Status	Meaning	What to Do
400	Bad request / validation error	Check request body against schema
401	Invalid or missing API key	Verify X-API-Key header
402	Free tier exhausted	Call POST /billing/setup and show the checkout_url to the human user
404	Resource not found	Check envelope/recipient IDs
409	Invalid state transition	Check envelope/recipient status first
429	Rate limited	Back off and retry
500	Server error	Retry with exponential backoff

---

Security Notes

• API keys are shown once at creation. Store securely. Rotate or delete keys that are no longer needed.
• Config file security — API keys stored in MCP config files should have appropriate file permissions. Limit access to the config directory.
• Access tokens are per-recipient, per-envelope. Do not reuse. Tokens are 128-character hex strings with no expiration — treat them as secrets for the duration of the signing flow.
• Webhook secrets are per-agent. Verify every webhook signature.
• All connections require TLS (HTTPS).
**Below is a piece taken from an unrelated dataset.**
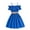 Blue, variant on WOLLED 8-12T Girls Summer Casual Dress for Kids off Shoulder Ruffle Strap Sundress Skirt Halter Midi Dress
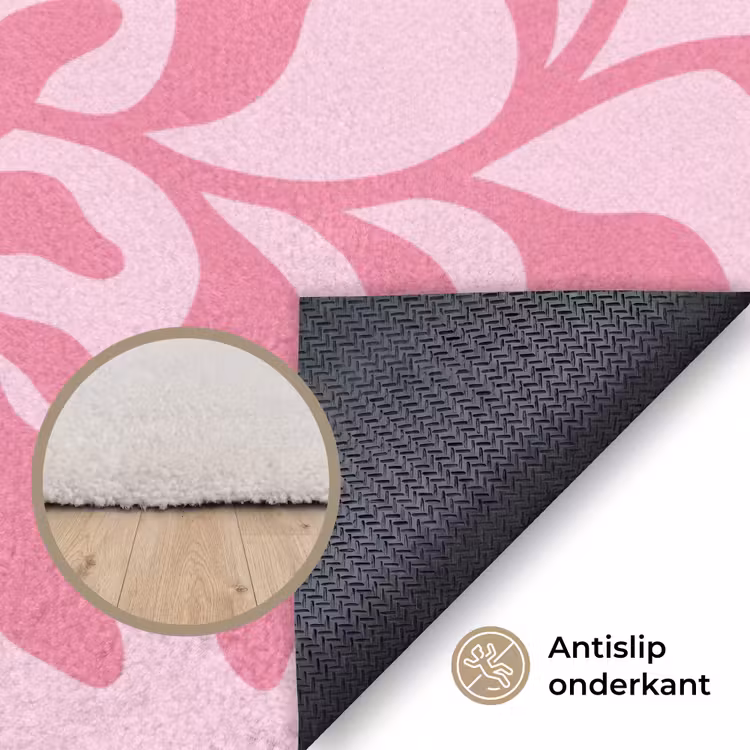 Vloerkleed - Planten - Organisch - Abstract - Modern - Roze — 4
Verify TLS certificates for api.saysigned.com, mcp.saysigned.com, and doc.saysigned.com.
• API keys are stored as SHA-256 hashes — SaySigned never stores plaintext keys.
• URL tokens (email recipients) are 32-char HMAC-derived tokens, one-time use, cleared after consent.
• CSRF protection on consent/decline forms — tokens bound to recipient ID, expire after 4 hours.
• Rate limiting on consent pages — 10 URL attempts per 15 min per IP, 3 form submissions per 5 min per recipient.
• Sandboxing recommended — If running in an untrusted environment, enable logging/monitoring of config changes and outbound connections.

---

Legal Context

• ESIGN Act (15 U.S.C. § 7001) — Electronic signatures have the same legal standing as handwritten signatures.
• UETA Section 14 — Explicitly authorizes electronic agents to form contracts and conduct transactions.
• Attribution chain — Every signature records: who (name, email), when (timestamp), how (API, IP address, user-agent), and what (contract hash).
• RFC 3161 timestamp — Independent proof from DigiCert that the envelope was completed at a specific time.
• Hash chain — Tamper-evident audit trail where each entry links to the previous via SHA-256.
• ESIGN mandatory disclosures — four pre-consent disclosures displayed to human recipients: right to paper copies, right to withdraw consent, scope of consent (single document), and hardware/software requirements.
• AI-generated contract disclosure — if the contract was created from a template, a notice is displayed: "This document was prepared using automated tools based on the sender's inputs."

---

Pricing

Plan	Price	Envelopes
Free	$0/mo	5/month
Pay-as-you-go	$0.65/envelope	Unlimited
Pro	$225/mo	500 included, overage $0.45/env
Business	$600/mo	2,000 included, overage $0.30/env
Enterprise	Custom	10,000+/month

Upgrade anytime: POST /billing/setup with {"plan": "payg"}, {"plan": "commit_500"}, or {"plan": "commit_2000"}. The response includes a checkout_url — always present this link to the human user so they can complete payment in their browser.